Query real-time span data

We will be introducing new workflows to replace Explorer, and as a result, it will soon no longer be supported. Instead, use notebooks for your investigation where you can run ad-hoc queries, view data over a longer time period, and run Cloud Observability’s correlation feature. In your notebooks and dashboards, you can use the traces list panel to view a list of spans from a query and dependency maps to view a service diagram.

When you hear that a particular service is slow, or there’s a spike in errors, or a particular customer is having an issue, your first action is to see real-time data regarding the issue. Cloud Observability’s Explorer view allows you to query all span data from the past hour to see what’s going on.

Explorer consists of four main components. Each of these components provides a different view into the data returned by your query:

  • Query: Allows you to query on all span data past hour. Every query you make is saved as a Snapshot, meaning you can revisit the query made at this point in time, any time in the future, and see the data just as it was. Results from the query are shown in the Latency Histogram, the Trace Analysis table, and the Service diagram.

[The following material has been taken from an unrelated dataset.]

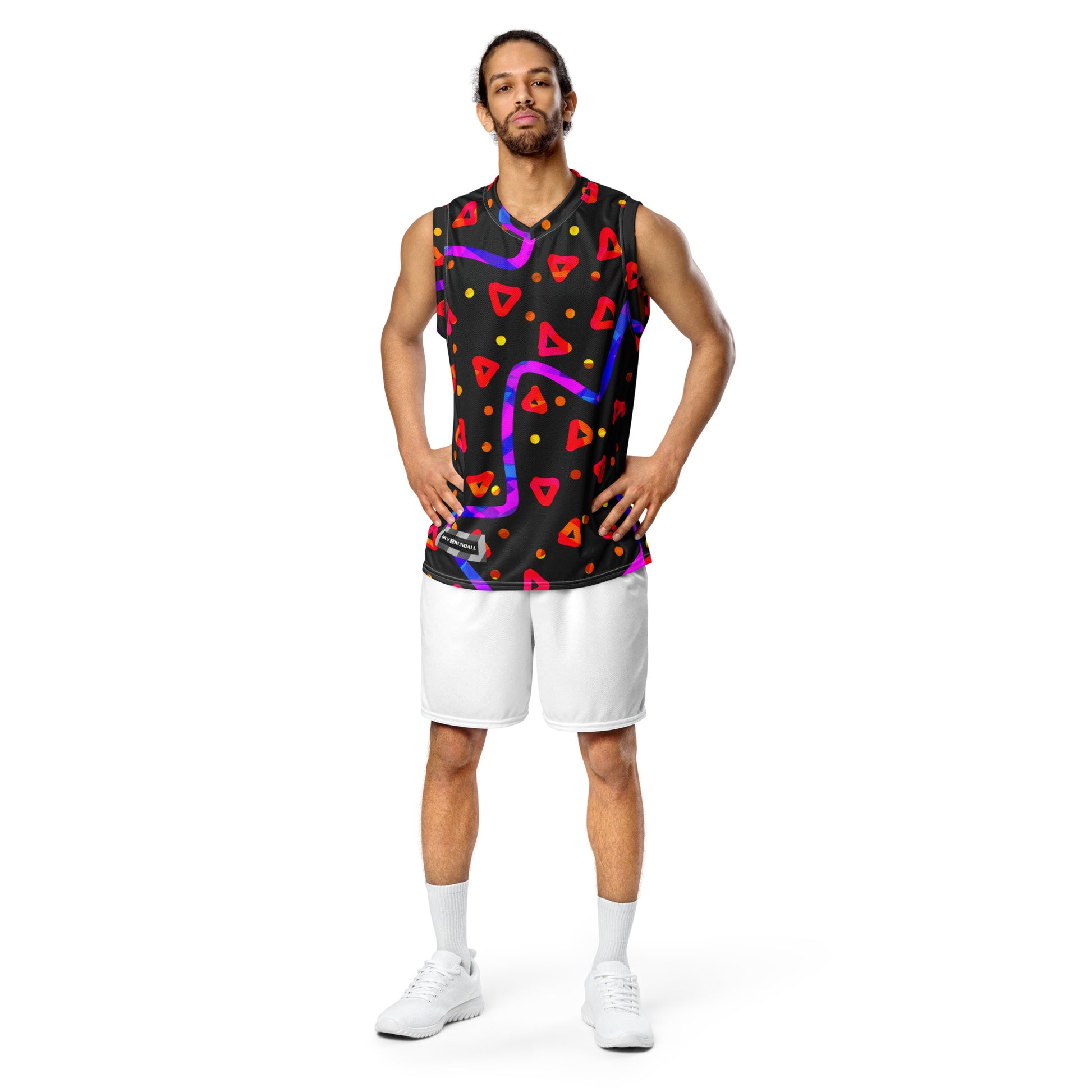 Man wearing a sleeveless shirt with colorful geometric patterns on a white background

  • Latency histogram: Shows the distribution of spans over latency periods. Spans are shown in latency buckets represented by the blue lines. Longer blue lines mean there are more spans in that latency bucket. Lines towards the left have lower latency and towards the right, higher latency.

  • Trace Analysis table: Shows data for spans matching your query. By default, you can see the service, operation, latency, and start time for each span. Click a span to view it in the context of the trace.

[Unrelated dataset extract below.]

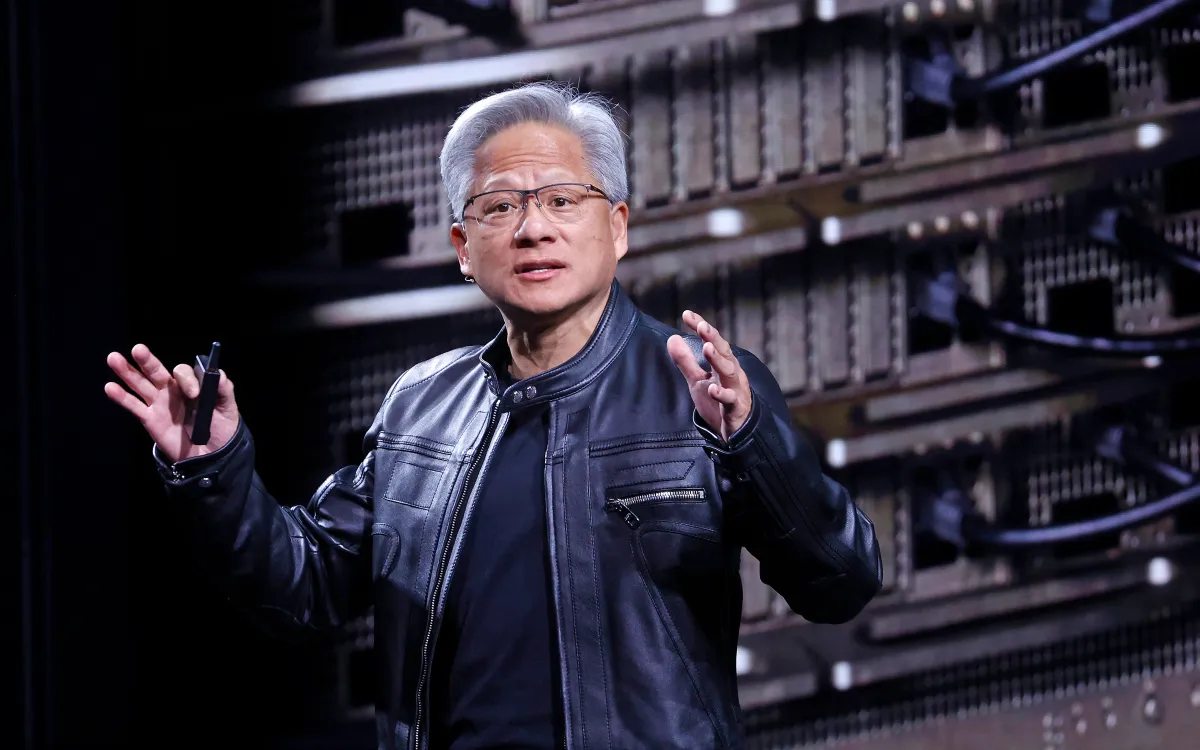Person in a black leather jacket gestures while speaking, with server racks in the background.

  • Correlations panel: For latency, shows services, operations, and attributes that are correlated with the latency you are seeing in your results. That is, they appear more often in spans that are experiencing higher latency. For errors, shows attributes that are more often on spans that have errors. The panel can show both positive and negative correlations, allowing you to drill down into attributes that may be contributing to latency, as well as ruling out ones that are not. Find out more about Correlations here.

  • Service diagram: Depicts the service based on your query in relation to all its dependencies and possible code paths, both upstream and downstream. Areas of latency (yellow) and errors (red) are shown. Learn more about the Service diagram here.

Using these tools, it’s possible to quickly form and validate hypotheses around the current issue.

Query data to create a snapshot

You can query the span data on any combination of a service, an operation, and any number of span attributes. Every time you run a query, the results are saved as a Snapshot so you can go back to data at that point in time and analyze it in the Explorer view.

Run a query

You run your query from the top of Explorer. You can use the Query Builder to ensure valid syntax, or you can enter the query manually.

When you run your query, Cloud Observability queries data from the past hour and returns all span data that matches your query.

To run a query using the Query Builder:

Click into the search bar to open the Query Builder. You can build queries for services, operations, and attributes. Use IN or NOT IN to build the query. When you click into the Service or Operation field, Cloud Observability displays valid values.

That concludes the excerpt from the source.